ところが、中国大陸で権益拡大を狙っていた米国との間で利害がぶつかる。米国は「ABCD包囲網」と呼ばれる経済封鎖で、石油などの資源が日本に入らない仕組みをつくった。資源小国の日本は追いつめられ、自衛のために対米戦争に踏み切らざるを得なくなった。この点については、GHQのマッカーサー最高司令官も戦後の米議会で、「日本が戦争へと進んだ目的は、おおむね自衛のためだった」と認めている。
次に挙げられるのは、「日本は、欧米によるアジアの植民地支配や、人種差別を撤廃するために戦った」という点だ。
20世紀初頭、米国では日本人の排斥が始まった。各州で日本人移民から帰化権や国籍を剥奪する動きが加速し、1924年には米連邦議会で、日本からの移民を実質的に禁じる「絶対的排日移民法」が成立。日本人の中に、米国への嫌悪感が高まっていった。

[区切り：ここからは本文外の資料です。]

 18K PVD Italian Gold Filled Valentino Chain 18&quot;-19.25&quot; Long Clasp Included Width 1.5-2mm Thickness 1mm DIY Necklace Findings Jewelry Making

こうした流れの中で、日本は、欧米の植民地にされていたアジアの解放を掲げて戦い、次々と欧米の軍隊を撃破。これをきっかけに、欧米列強に支配されていた、フィリピン、インド、ビルマ(現ミャンマー)、インドネシア、ラオス、カンボジア、ベトナム、マレーシア、シンガポールの人々が立ち上がり、独立を勝ち取っていった。戦後も、これらの多くの国は親日的である。